There is a gravitas that comes with the role of interpreter of experience, which is understood to require a discerning and insightful author. The artist as interpreter extraordinaire is, among other things, given permission to publicly personalize the collective cultural experience. If the intentions behind such an interpretation are undefined, what is at stake is the connection between the representation and the truth. It is this relationship that Cibic interrogates through In the Gorges, highlighting her own role and responsibility as an artist who seeks to redefine representations of a national entity.

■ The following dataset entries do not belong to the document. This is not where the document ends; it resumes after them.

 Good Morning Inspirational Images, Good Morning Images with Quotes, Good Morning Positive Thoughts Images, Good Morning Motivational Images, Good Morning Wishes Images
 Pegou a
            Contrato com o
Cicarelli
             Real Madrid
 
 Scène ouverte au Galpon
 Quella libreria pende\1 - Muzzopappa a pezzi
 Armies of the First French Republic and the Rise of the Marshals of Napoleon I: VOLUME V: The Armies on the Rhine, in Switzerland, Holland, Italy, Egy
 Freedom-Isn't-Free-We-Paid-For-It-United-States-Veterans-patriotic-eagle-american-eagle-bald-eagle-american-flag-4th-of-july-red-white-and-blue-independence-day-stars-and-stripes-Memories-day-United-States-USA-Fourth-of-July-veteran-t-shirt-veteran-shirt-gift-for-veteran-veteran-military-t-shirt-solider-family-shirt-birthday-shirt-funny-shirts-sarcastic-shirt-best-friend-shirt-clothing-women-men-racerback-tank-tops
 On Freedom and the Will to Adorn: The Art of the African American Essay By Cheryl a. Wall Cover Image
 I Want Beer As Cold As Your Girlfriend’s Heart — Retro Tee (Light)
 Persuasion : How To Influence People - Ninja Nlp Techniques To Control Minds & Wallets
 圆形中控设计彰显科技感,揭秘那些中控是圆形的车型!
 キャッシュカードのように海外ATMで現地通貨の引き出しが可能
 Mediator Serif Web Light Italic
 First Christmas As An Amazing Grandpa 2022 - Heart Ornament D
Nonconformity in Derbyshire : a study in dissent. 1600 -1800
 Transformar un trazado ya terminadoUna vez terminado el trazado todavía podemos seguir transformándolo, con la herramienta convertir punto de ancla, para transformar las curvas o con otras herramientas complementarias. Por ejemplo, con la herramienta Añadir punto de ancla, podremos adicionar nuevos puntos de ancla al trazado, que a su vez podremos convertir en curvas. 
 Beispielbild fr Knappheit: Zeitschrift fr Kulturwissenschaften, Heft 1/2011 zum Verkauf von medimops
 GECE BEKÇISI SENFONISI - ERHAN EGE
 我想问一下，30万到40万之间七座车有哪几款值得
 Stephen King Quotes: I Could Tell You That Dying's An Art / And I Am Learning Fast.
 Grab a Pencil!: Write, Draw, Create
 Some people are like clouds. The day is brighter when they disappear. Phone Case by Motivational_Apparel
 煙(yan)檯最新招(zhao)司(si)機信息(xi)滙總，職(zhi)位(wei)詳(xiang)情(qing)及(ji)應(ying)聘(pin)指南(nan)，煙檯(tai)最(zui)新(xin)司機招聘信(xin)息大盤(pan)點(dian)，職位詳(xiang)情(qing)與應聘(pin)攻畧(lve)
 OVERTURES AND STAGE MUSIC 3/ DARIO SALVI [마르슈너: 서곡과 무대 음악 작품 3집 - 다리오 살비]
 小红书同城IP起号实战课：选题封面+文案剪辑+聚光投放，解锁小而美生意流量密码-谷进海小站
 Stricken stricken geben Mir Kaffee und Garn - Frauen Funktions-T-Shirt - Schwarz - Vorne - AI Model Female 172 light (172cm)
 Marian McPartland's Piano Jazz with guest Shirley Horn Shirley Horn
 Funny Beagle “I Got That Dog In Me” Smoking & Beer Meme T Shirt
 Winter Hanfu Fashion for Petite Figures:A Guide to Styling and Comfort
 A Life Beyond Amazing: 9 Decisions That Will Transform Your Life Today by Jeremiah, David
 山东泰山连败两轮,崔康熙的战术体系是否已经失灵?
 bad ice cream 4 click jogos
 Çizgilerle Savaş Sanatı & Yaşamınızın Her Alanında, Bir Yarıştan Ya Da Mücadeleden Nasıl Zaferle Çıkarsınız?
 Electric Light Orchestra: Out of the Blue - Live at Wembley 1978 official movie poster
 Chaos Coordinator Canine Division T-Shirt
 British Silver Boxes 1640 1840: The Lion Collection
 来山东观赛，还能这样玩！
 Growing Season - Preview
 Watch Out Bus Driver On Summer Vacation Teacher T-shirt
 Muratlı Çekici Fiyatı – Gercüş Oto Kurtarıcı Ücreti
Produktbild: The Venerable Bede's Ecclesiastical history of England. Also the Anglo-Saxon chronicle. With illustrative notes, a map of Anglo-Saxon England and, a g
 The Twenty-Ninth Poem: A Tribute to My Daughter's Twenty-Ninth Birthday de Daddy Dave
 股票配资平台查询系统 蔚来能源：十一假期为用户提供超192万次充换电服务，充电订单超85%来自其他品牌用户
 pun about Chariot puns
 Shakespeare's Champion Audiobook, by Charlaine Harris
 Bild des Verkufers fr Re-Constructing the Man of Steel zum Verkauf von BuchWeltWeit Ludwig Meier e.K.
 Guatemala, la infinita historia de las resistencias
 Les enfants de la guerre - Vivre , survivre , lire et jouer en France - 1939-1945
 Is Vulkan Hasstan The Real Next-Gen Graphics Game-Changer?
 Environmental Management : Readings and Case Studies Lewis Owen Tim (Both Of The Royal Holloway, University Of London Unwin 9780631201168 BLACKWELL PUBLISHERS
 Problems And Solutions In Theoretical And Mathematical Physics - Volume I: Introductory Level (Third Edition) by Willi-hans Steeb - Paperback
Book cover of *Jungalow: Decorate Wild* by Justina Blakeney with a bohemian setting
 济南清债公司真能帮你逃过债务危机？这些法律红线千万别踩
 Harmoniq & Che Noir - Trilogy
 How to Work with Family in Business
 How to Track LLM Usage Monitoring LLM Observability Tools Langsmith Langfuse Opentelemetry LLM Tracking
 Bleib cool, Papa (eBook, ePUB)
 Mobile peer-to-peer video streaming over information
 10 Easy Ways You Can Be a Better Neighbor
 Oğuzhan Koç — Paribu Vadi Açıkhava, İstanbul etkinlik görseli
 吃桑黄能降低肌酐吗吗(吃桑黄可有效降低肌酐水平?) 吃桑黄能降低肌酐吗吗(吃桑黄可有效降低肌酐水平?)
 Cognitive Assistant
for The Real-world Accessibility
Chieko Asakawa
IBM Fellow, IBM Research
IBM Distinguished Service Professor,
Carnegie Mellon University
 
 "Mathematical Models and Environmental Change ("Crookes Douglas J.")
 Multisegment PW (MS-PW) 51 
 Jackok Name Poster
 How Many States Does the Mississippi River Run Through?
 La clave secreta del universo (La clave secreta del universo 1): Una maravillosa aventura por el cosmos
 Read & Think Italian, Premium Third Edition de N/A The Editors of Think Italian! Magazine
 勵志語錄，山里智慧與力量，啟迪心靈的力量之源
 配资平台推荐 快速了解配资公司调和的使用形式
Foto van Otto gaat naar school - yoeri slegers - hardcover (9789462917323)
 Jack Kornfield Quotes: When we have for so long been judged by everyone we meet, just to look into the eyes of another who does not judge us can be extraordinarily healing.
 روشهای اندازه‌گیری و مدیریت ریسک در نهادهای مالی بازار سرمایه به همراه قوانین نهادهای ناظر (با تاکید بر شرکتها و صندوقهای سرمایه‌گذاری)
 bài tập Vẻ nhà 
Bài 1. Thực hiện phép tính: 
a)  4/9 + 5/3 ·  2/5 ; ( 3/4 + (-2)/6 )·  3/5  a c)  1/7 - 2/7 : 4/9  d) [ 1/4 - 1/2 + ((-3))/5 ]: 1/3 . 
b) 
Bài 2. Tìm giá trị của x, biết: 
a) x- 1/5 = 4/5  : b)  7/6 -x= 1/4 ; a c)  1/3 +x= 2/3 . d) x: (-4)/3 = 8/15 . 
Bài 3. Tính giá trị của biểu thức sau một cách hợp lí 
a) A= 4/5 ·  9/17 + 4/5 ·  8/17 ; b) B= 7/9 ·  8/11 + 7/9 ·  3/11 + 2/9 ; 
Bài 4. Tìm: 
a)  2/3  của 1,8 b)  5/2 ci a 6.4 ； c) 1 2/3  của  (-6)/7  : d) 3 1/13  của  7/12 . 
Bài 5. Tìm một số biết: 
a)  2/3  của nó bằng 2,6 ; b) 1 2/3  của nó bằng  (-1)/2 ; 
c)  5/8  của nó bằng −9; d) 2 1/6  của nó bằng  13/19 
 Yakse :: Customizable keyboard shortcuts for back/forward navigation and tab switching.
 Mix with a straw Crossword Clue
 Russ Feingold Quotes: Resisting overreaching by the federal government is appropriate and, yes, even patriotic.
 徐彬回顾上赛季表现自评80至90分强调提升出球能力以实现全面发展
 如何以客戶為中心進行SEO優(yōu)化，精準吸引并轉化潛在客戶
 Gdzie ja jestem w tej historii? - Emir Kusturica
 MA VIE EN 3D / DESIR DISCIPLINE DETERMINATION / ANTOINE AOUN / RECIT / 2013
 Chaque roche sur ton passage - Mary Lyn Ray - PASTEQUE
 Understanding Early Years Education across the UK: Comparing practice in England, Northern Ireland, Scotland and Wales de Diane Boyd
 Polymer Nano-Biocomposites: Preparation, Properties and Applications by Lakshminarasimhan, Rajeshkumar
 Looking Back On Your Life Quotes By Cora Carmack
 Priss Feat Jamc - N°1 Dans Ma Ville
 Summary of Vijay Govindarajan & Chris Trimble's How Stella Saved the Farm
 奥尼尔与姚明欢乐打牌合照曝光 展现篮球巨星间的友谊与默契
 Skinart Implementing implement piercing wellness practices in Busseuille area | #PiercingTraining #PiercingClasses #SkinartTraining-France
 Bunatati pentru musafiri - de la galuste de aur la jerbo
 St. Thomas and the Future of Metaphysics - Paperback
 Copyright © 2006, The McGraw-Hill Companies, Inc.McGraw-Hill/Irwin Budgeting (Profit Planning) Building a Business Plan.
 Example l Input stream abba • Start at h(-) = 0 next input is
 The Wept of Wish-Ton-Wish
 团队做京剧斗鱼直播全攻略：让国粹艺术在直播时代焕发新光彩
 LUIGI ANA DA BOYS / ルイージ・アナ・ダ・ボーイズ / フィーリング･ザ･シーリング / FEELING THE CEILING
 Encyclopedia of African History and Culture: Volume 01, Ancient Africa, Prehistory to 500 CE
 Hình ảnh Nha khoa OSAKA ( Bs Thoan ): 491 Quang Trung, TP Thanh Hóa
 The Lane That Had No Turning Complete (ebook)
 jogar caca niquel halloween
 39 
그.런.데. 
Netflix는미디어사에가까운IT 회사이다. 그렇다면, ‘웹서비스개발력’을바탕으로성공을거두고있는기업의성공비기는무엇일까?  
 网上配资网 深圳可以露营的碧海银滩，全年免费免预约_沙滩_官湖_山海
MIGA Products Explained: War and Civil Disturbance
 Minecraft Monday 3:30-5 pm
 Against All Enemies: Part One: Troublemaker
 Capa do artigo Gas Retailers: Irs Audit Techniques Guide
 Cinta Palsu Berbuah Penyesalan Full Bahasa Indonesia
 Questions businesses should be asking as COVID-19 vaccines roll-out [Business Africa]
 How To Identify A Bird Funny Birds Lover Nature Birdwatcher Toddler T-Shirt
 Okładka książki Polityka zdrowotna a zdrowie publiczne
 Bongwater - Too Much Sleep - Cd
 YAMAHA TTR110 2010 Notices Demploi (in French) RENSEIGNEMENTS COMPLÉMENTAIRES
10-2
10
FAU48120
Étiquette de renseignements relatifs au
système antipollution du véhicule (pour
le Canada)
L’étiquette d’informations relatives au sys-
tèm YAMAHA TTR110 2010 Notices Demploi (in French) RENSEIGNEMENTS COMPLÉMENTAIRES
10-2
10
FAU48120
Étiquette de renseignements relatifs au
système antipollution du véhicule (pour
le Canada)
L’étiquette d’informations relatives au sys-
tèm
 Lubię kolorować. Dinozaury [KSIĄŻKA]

Cibic produced a series of pencil drawings in collaboration with a former police sketcher whose profession required him to extract information from often-traumatized witnesses in order to draw portraits of suspected criminals. In this case, the raw material for his work were Cibic’s personal accounts of imaginary locations immortalized through literature that are associated with the Balkans. The results are fictional landscapes, architectures and cityscapes elucidated by a draftsman whose skilled precision aspires to the representation of an essential truth. While the truth is complicated by what is being depicted, the responsibility for how these geographic fictions are interpreted is passed from Cibic to her collaborator.

Cibic’s choice of fantasy locations originates from the book In den Schluchten des Balkan (In the Gorges of the Balkans) by German novelist Karl May. In this novel, May projected popular assumptions and prejudices about the region that were connected to its geographic and cultural position as an interface between the Orient and the Occident, Islam and Christianity. As the novel’s depiction of the area strayed so far from a real experience of the culture or landscape, May’s interpretation of the Balkans qualified for inclusion in A. Manguel’s and G. Guadalupe’s encyclopedia of fantasy lands from world literature, the Dictionary of Imaginary Places, a book that Cibic has used as a reference point for many of her works.